Golf is a game of streaks. On the upside, players go through times when the hole looks like a canyon that you couldn’t miss with your eyes closed, and the swing feels as natural and routine as a stroll around the block. Those are the times when players see the blades of grass where they want their shots to land; where their minds are crisp and clear, a fortress where nary a negative thought may pass; where their ability to strike a shot in the center of the clubface seems as easy as slapping yourself on the thigh.
Then, one day, just as quickly as the feelings have come, they’re gone, vanished like the puff of smoke in a summer breeze. The hole that once looked like a cavern appears as small as a thimble, and the swing that felt so free and effortless just a few days before is now more complicated than calculus. Target lines blur and the mind becomes a jumbled mess of swing thoughts and anxiety.
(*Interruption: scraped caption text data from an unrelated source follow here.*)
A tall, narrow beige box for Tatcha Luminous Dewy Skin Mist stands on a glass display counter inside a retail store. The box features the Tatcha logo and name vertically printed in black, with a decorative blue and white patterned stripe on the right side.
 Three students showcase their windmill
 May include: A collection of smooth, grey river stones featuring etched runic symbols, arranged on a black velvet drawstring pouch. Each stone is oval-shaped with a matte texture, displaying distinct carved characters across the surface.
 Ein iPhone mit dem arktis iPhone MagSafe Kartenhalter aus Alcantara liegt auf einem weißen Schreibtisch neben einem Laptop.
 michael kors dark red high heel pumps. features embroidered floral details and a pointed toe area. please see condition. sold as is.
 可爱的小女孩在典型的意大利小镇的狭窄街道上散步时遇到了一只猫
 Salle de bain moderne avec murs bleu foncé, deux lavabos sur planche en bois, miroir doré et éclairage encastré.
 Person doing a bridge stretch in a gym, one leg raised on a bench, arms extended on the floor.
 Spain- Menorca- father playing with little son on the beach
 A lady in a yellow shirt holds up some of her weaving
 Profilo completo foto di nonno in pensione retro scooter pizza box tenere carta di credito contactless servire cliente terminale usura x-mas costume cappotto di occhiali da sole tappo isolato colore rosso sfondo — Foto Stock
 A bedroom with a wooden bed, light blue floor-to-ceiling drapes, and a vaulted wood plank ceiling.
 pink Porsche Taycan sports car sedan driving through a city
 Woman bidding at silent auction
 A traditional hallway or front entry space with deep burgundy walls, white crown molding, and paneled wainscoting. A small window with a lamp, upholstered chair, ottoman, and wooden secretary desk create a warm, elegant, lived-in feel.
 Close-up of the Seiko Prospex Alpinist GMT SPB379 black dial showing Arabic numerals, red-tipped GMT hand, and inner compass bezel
As Butch Harmon put it, “There’s only one truism in golf: no matter how you’re playing, it will change. If you’re playing bad, keep working at it, and you will turn it around, and if you’re playing good enjoy it while it lasts, because it’s eventually going away.”
That’s why players try to peak for majors. It’s hard to turn it on the Monday of major championship week when you’ve been on the bad side of a streak coming in. There are exceptions, certainly. But with the first major, the Chevron Championship, just a couple of weeks away, it’s good to see a player like Nanna Koerstz Madsen riding a wave and realizing her potential, finding the winners circle for the first time at the Honda LPGA Thailand.
She is the first Danish winner on the LPGA Tour, a breakthrough that she described as a “dream come true.” But there are no Danish major champions. Thomas Bjørn came close. He was runner up twice at the Open Championship, once when Tiger Woods ran away with the Claret Jug at St Andrews in 2000 and again in 2003 at Royal St. George’s. Bjørn led late into the final round that year before conditions turned sour and Ben Curtis stole the show. Bjørn also finished runner up at the 2005 PGA Championship at Baltusrol when Phil Mickelson hit a flop shot to a foot on the final hole to win.
So, what would it mean for Koerstz Madsen, at age 27, to capture a major title? For starters, it would be retribution, a thumb in the eyes of those who doubted her after the finish she had in the final major of 2021. For any who have forgotten, she was neck and neck with Anna Nordqvist at the AIG Women’s Open at Carnoustie until the final hole at the famed course – the one that proved to be Jean van de Velde’s downfall in 1999 – claimed another victim. Koertz Madsen hit a shank from a greenside bunker and finished with a double bogey.
Now, Koerstz Madsen, who was a three-time winner on the Epson Tour, has fired rounds in the sixties in nine of her last 11 LPGA Tour rounds and hasn’t finished outside the top-20 in an event since the first of February.
Throw in the fact that she is long, straight, has a great putting stroke and a fearless (if not sometimes fiery) demeanor, and you would have to like her chances on the Dinah Shore Tournament Course at Million Hills.
“I’m sure there will be more to come,” she said after the win in Thailand.
Perhaps sooner rather than later. Golf is, after all, a game of streaks.